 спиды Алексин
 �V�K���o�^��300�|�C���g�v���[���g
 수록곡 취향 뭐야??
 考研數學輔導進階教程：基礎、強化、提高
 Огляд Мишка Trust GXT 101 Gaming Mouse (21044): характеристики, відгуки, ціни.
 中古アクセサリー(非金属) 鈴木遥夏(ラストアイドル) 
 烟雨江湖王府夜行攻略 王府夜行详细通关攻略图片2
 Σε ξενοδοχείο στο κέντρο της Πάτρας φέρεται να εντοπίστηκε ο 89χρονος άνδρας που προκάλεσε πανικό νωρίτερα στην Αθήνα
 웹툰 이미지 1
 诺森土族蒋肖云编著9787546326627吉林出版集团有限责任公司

--

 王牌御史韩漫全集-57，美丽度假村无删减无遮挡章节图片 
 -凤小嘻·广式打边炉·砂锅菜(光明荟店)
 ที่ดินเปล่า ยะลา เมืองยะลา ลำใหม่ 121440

---

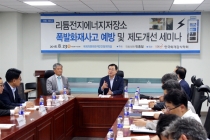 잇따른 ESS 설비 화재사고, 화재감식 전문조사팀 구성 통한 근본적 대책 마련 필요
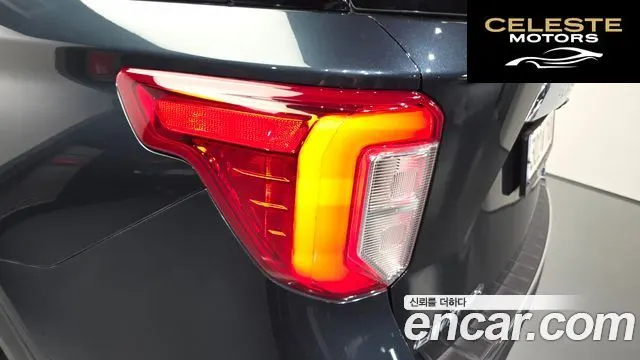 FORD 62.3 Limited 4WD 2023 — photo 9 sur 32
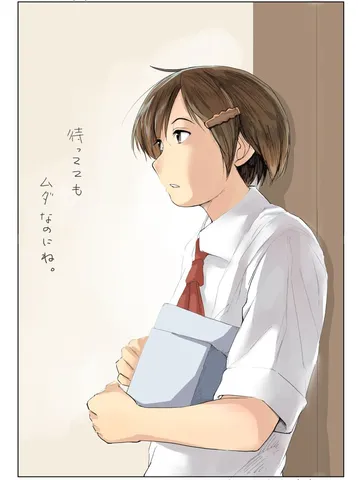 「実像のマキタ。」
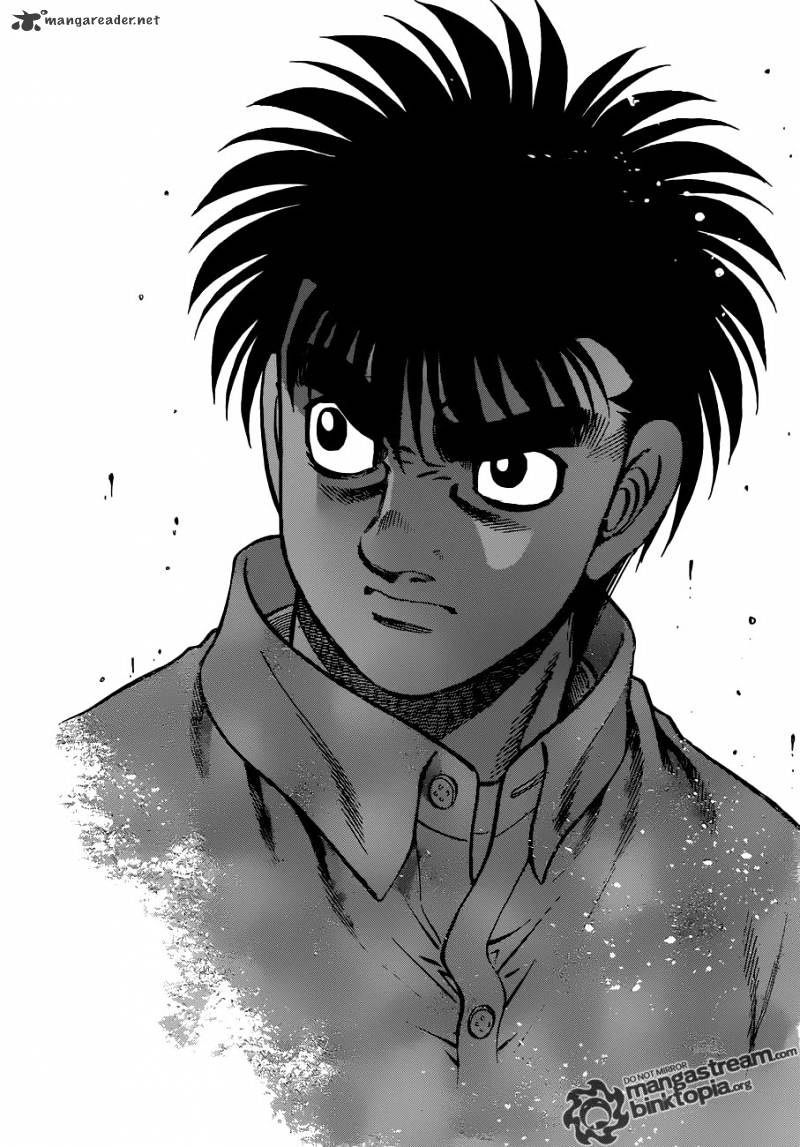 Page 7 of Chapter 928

_Task brief:_
Above are records; repeat only the lines starting at the line with "考研數學輔導進階教程：基礎、強化、提高" and ending at the line with "诺森土族蒋肖云编著9787546326627吉林出版集团有限责任公司", exactly as they appear, both included.

_Solution to this task:_
 考研數學輔導進階教程：基礎、強化、提高
 Огляд Мишка Trust GXT 101 Gaming Mouse (21044): характеристики, відгуки, ціни.
 中古アクセサリー(非金属) 鈴木遥夏(ラストアイドル) 
 烟雨江湖王府夜行攻略 王府夜行详细通关攻略图片2
 Σε ξενοδοχείο στο κέντρο της Πάτρας φέρεται να εντοπίστηκε ο 89χρονος άνδρας που προκάλεσε πανικό νωρίτερα στην Αθήνα
 웹툰 이미지 1
 诺森土族蒋肖云编著9787546326627吉林出版集团有限责任公司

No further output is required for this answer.